Leading healthcare organisations have called for a demonstration project or pilot to be set up to test the effectiveness of personal health budgets (PHBs) for long-term mental health service users.

The call, from policy makers for the Department of Health, mental health service providers, clinicians and representatives of third sector organisations, came at a roundtable event organised by think-tank the Centre for Social Justice and service provider Partnerships in Care.

At the roundtable, delegates reviewed research and experience relating to personalisation and shared successful patient outcome case studies from innovative and less traditional care and treatment pathways such as the Leeds Crisis House, which accommodates people in crisis at a price below the cost of an NHS inpatient bed.

Speaker Kevin Lewis, director of Kevin Lewis Consulting, and former programme director: personalisation at the National Mental Health Development Unit, laid out the case for personalisation as re-framing the relationship between service users and providers and increasing choice and control. He also outlined the potential for PHBs and direct payments to help move away from traditional methods of care towards more innovative types of service.

Lewis shared patient case studies including:
• 17 out of 20 patients improved mental health after PHB gave them faster access to cognitive behavioural therapy in a Kent PHB pilot
• A London patient at highest risk of self-harm during night hours used direct payments to buy out of hours support
• Patients may use PHB to choose their own community psychiatric nurse
• A service user who found trips to the beach particularly therapeutic is using direct payments for travel and accommodation expenses.

In discussion, delegates agreed that the real challenge in PHB is offering patients services other than traditional ones.
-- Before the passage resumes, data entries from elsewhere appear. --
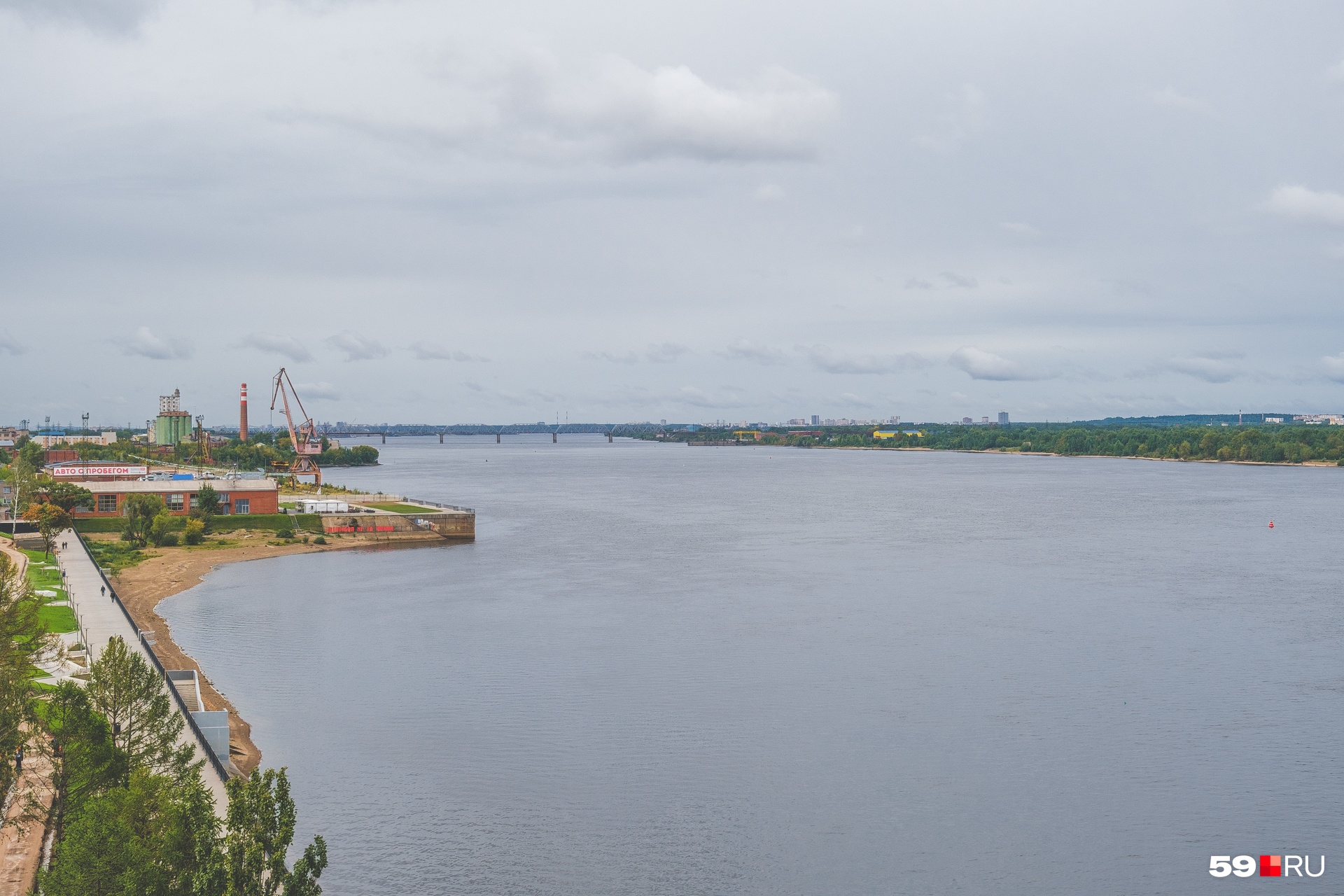 Это вид с Коммунального моста Это вид с Коммунального моста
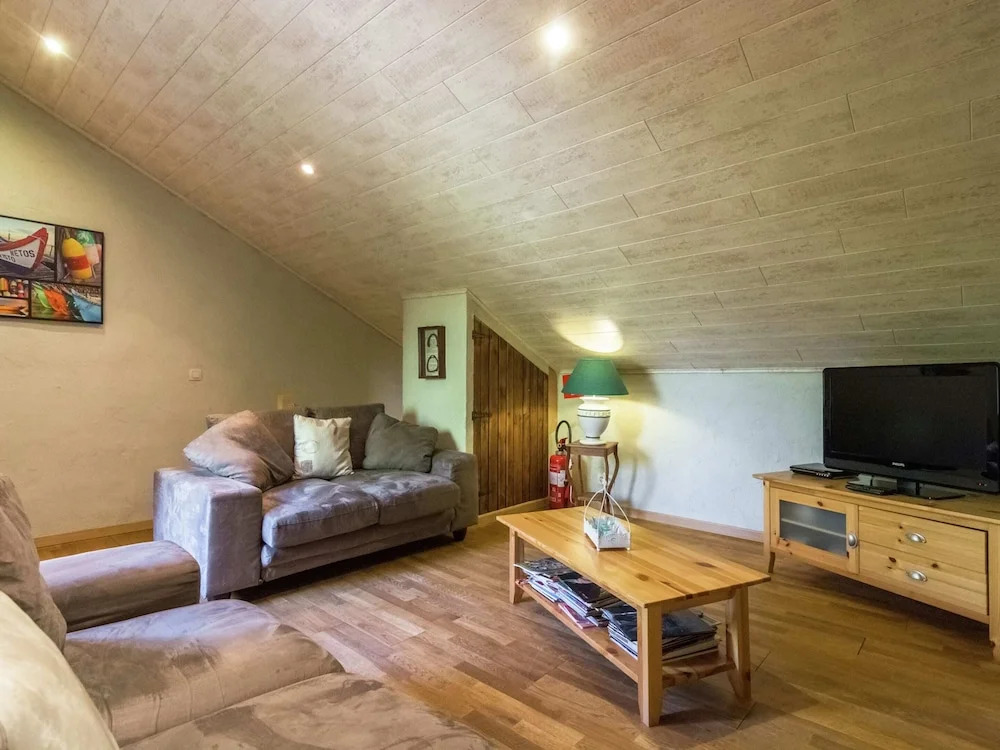 Tranquil Apartment in Sensenruth With Barbecue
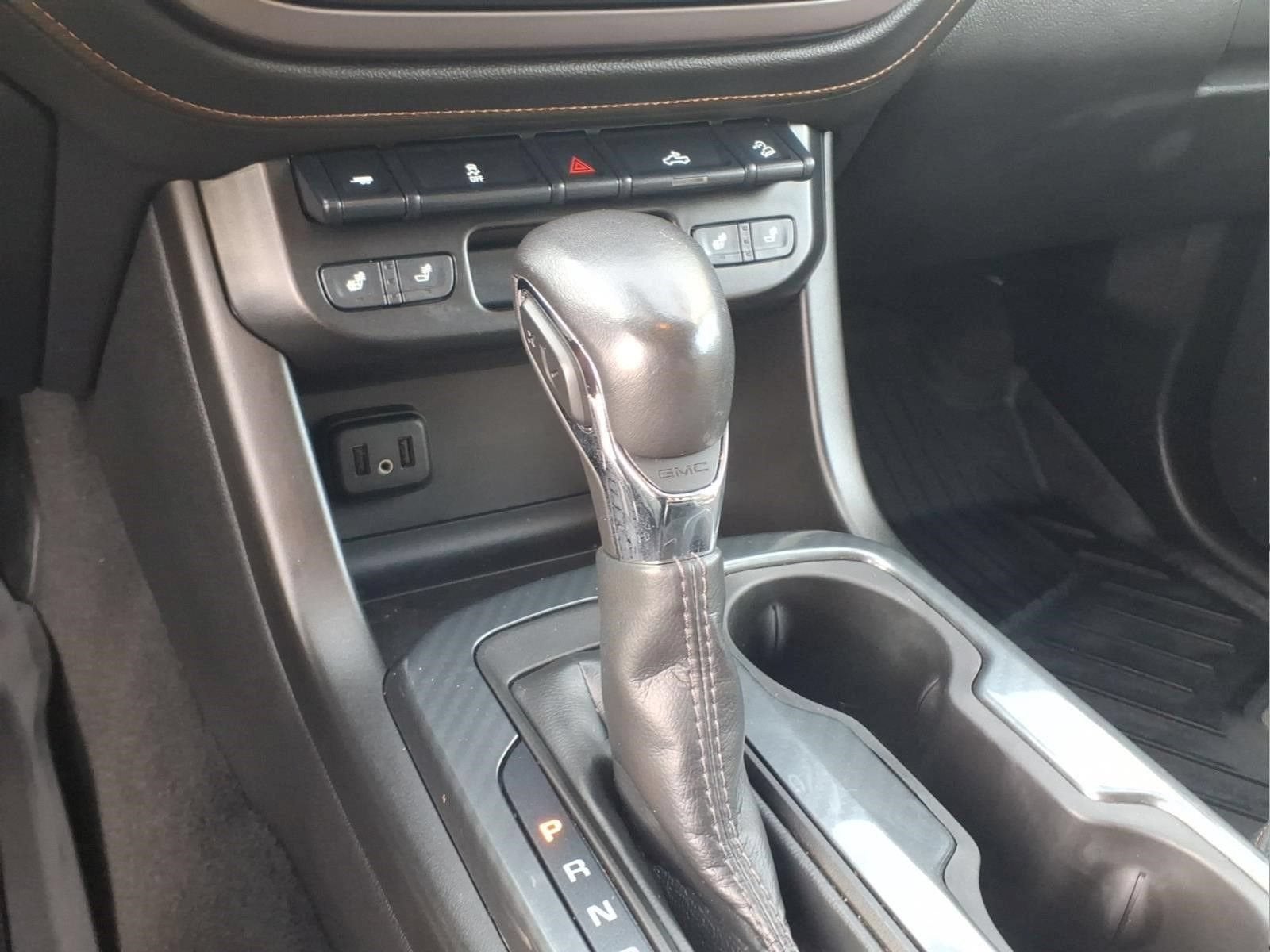 2022 GMC Canyon 4WD AT4 w/Cloth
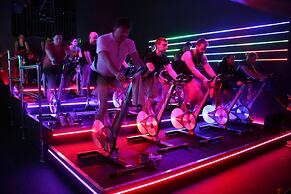 Blunsdon House Hotel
Developing new services at the acute end of need is beyond the capacity of single budget holders – leading to delegates’ unanimous agreement that innovative new services that can be funded by PHBs need to be crafted and demonstrated in pilots that can lead to real innovation.

Speaker Dr Rachel Perkins OBE, former director of quality assurance and user experience at South West London and St George's Mental Health NHS Trust, called for some of the NHS’ £20 billion savings related to ward closures to be channelled to fund PHBs and innovative services.
Delegates from Oxleas NHS Foundation Trust, Central and Northwest London NHS Foundation Trust and South London & Maudsley NHS Foundation Trust indicated they would be interested in exploring, in association with external agencies and service providers, pilot projects aimed at long-term mental health service users and harnessing the power of personal budgets.